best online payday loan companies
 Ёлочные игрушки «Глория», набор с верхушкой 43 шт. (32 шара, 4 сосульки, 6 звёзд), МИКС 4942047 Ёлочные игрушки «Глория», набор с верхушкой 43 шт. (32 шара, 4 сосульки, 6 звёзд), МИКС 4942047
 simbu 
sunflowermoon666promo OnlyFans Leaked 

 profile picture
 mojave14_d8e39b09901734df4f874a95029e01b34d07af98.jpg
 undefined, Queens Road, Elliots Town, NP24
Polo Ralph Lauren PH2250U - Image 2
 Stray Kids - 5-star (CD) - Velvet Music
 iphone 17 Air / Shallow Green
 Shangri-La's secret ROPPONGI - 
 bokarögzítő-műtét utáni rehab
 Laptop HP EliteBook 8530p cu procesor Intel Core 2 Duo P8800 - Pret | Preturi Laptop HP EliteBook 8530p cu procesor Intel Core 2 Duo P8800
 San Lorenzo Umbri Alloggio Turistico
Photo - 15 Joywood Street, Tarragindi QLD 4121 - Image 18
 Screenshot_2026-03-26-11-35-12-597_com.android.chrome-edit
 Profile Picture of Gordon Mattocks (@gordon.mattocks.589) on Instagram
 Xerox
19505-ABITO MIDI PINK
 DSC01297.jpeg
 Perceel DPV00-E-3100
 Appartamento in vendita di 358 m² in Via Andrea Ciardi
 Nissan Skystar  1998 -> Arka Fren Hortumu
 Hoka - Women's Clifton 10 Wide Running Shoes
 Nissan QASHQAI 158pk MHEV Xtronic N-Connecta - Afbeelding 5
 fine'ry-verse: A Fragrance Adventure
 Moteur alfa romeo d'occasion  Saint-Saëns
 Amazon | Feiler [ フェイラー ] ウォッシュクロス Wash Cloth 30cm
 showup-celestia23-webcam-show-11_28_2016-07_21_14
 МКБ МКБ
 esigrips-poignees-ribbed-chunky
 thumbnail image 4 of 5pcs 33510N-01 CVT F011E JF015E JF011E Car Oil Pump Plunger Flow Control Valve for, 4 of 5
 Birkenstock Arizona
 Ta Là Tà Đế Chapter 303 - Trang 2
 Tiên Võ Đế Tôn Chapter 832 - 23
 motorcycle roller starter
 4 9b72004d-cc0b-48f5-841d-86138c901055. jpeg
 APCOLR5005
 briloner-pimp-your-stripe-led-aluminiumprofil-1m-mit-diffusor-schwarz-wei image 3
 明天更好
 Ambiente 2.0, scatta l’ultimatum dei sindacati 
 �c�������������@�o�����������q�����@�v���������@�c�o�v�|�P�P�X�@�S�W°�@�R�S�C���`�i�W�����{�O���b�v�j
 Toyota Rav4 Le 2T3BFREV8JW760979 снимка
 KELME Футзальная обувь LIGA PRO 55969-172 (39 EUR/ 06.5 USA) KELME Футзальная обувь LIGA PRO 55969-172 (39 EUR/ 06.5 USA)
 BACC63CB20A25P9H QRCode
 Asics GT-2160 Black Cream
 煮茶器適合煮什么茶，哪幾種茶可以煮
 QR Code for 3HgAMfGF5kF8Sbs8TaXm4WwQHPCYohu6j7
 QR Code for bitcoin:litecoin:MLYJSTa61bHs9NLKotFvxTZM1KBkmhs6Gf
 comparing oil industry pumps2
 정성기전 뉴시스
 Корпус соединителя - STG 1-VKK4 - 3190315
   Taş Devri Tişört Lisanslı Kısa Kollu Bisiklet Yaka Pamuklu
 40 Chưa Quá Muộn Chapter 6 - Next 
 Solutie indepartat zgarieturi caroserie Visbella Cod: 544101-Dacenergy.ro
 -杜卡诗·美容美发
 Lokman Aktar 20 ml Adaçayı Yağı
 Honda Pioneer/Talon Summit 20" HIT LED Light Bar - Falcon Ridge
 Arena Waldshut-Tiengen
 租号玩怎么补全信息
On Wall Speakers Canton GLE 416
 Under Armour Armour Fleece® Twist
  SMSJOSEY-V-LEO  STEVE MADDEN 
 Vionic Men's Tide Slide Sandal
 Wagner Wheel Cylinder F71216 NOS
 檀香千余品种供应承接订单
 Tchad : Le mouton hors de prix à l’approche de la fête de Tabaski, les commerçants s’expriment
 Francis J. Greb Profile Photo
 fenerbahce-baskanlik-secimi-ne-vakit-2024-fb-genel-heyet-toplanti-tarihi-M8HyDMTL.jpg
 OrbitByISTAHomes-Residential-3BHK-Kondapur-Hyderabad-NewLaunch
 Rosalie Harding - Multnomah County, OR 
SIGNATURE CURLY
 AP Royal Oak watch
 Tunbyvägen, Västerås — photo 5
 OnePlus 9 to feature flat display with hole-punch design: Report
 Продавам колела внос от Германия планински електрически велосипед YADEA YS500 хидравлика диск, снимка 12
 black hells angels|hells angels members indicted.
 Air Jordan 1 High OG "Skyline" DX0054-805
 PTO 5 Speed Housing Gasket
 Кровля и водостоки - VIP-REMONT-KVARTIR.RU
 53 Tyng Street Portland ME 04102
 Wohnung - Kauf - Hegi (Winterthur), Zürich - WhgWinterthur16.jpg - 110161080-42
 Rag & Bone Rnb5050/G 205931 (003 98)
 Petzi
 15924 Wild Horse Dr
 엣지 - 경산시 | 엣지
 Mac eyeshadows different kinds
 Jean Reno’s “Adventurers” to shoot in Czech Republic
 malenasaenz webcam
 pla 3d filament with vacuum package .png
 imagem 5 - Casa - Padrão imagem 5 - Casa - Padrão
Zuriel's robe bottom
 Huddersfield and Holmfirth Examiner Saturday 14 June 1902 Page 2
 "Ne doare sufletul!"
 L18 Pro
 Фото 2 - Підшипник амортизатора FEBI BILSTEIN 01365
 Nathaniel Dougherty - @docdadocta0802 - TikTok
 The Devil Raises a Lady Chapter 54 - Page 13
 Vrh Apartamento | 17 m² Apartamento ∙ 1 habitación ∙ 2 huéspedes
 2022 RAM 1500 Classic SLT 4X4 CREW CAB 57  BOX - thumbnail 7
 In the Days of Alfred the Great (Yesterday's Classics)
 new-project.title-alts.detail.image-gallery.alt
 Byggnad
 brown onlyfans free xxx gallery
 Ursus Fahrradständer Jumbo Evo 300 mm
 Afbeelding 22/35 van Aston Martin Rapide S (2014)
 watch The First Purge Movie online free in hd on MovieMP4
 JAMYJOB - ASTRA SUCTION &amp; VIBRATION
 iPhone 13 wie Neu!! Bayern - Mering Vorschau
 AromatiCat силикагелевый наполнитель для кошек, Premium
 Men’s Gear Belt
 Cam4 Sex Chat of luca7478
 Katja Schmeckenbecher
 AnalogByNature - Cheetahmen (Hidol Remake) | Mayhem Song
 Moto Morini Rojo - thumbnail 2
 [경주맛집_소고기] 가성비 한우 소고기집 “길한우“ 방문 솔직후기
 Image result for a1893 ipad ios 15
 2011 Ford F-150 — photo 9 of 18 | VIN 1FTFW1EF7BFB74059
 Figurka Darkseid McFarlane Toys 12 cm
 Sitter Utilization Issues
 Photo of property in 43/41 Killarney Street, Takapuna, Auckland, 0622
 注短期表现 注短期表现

**Task item**: Print exactly the lines of the records from the one containing "Vrh Apartamento |" through the end, and nothing besides them.

**Solved exercise**:
 Vrh Apartamento | 17 m² Apartamento ∙ 1 habitación ∙ 2 huéspedes
 2022 RAM 1500 Classic SLT 4X4 CREW CAB 57  BOX - thumbnail 7
 In the Days of Alfred the Great (Yesterday's Classics)
 new-project.title-alts.detail.image-gallery.alt
 Byggnad
 brown onlyfans free xxx gallery
 Ursus Fahrradständer Jumbo Evo 300 mm
 Afbeelding 22/35 van Aston Martin Rapide S (2014)
 watch The First Purge Movie online free in hd on MovieMP4
 JAMYJOB - ASTRA SUCTION &amp; VIBRATION
 iPhone 13 wie Neu!! Bayern - Mering Vorschau
 AromatiCat силикагелевый наполнитель для кошек, Premium
 Men’s Gear Belt
 Cam4 Sex Chat of luca7478
 Katja Schmeckenbecher
 AnalogByNature - Cheetahmen (Hidol Remake) | Mayhem Song
 Moto Morini Rojo - thumbnail 2
 [경주맛집_소고기] 가성비 한우 소고기집 “길한우“ 방문 솔직후기
 Image result for a1893 ipad ios 15
 2011 Ford F-150 — photo 9 of 18 | VIN 1FTFW1EF7BFB74059
 Figurka Darkseid McFarlane Toys 12 cm
 Sitter Utilization Issues
 Photo of property in 43/41 Killarney Street, Takapuna, Auckland, 0622
 注短期表现 注短期表现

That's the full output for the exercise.